Alors, vous, qui êtes de ce jour, en l’an de grâce 2013, êtes-vous en mesure de lire dans vos technologies et usages actuels, les signes avant-coureurs du monde de demain, le monde de Mohamed? Un monde qui conjugue au passé télévision câblée, télécommande (canne d’assisté de l’homme du 20ème siècle!), équipements d’appoint ou de secours (1er écran, 2ème écran, plasma TV, iPad…).

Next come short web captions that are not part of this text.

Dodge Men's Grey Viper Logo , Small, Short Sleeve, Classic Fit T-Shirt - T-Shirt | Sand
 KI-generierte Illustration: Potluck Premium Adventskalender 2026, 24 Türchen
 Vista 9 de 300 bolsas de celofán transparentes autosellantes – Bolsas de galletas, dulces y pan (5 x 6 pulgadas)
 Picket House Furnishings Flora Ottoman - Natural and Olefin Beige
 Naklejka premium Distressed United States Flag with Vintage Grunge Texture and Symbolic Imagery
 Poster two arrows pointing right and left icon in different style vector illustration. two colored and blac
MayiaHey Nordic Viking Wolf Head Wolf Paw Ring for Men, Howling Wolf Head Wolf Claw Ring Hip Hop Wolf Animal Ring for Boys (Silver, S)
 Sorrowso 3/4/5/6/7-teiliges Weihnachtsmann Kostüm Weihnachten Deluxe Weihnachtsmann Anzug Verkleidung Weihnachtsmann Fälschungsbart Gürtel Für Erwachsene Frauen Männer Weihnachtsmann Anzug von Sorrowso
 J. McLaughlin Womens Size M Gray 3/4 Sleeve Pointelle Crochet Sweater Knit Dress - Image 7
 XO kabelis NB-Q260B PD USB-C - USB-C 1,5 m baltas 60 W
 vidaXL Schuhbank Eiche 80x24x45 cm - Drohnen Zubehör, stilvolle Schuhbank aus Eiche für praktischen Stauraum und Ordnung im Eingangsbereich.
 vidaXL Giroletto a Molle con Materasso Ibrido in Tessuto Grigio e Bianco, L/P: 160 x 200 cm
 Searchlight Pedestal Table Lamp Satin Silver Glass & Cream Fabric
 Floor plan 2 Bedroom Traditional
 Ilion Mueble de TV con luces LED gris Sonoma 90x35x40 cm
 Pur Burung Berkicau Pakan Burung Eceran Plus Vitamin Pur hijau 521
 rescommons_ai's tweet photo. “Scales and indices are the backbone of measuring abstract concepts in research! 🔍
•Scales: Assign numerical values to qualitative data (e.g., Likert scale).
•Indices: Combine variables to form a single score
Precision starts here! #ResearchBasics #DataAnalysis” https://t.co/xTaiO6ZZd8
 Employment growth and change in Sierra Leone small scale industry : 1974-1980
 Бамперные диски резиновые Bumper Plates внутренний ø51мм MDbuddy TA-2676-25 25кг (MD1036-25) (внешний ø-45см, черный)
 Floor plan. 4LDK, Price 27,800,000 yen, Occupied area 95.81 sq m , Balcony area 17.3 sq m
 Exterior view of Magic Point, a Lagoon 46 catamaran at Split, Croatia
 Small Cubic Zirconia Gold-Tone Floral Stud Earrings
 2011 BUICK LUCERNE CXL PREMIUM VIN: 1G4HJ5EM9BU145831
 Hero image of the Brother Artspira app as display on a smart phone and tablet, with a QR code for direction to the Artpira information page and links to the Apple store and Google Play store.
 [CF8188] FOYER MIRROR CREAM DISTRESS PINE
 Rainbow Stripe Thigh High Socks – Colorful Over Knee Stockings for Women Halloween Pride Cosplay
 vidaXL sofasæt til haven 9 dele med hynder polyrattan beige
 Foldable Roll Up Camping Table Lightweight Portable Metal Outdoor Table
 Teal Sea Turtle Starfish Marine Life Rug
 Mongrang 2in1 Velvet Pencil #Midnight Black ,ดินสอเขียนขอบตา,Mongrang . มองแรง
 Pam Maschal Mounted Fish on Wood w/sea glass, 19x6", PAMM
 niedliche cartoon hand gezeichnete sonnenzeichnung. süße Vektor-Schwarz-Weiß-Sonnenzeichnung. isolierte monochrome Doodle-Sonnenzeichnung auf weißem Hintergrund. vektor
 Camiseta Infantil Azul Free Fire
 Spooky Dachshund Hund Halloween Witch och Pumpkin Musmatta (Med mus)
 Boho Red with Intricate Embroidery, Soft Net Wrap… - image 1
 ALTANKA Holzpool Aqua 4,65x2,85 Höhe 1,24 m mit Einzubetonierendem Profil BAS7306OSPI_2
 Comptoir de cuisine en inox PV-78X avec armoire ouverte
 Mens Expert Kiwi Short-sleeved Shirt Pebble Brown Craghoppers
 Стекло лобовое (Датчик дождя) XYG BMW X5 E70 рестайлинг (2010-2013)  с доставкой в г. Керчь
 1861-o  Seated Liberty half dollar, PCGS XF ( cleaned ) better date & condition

Un monde dépassé où la satisfaction de vos besoins en contenus audiovisuels est planifiée d’avance par des politiques (« politiques publiques » pour « Radiotélévision de service public »), par des régulateurs, avec une offre soumise à une programmation dans le temps, à un plan d’offre (diffusion) qui ne vous demande guère votre avis et qui, comme les trains, décide seul des horaires de départ et d’arrivée, des escales (pubs) comme de changements d’horaires saisonniers…
Vous pouvez dès maintenant entrevoir la marche du futur, le monde du jeune Mohammed, un monde qui parlera au passé des chaines satellitaires « on line » (à quelques survivants près, peut-être pour le sport et les actualités politiques et boursières), de la DSL (« Digital Subscriber Line »), des câblodistributeurs qui, pour l’instant, font le bonheur de la VOD et une probable faillite des chaines traditionnelles…IL vous suffit d’y croire… Toute performance envisagée au futur, n’a-t-elle pas à l’origine une foi, la croyance de ceux qui l’envisagent ou rêvent qu’ils sont capables de l’atteindre? Demandez à l’Homme qui foule de ses pieds la surface de la lune et bientôt Mars… Demandez à l’ingénieur/peintre médiéval Léonardo Da Vinci, ancêtre des aviateurs… Demandez à Usein Bolt qui risque d’être celui qui annonce de nos jours le futur d’un coureur de 100m à moins de 9 secondes, 8, 7… Compte à rebours pour la disparition de la télévision, radio, régulation, cahiers des charges, grille des programmes, etc. … Ne raisonne-t-il pas déjà dans vos oreilles ce compte à rebours? Sommes-nous à 100 mètres de la disparition de notre présent audiovisuel actuel ? A vous de jauger, juger, mesurer et chronométrer…L’inouï qui arrive!
Pr. Jamal Eddine NAJI.
Fondateur de la Chaire Unesco en communication publique et communautaire.Rabat.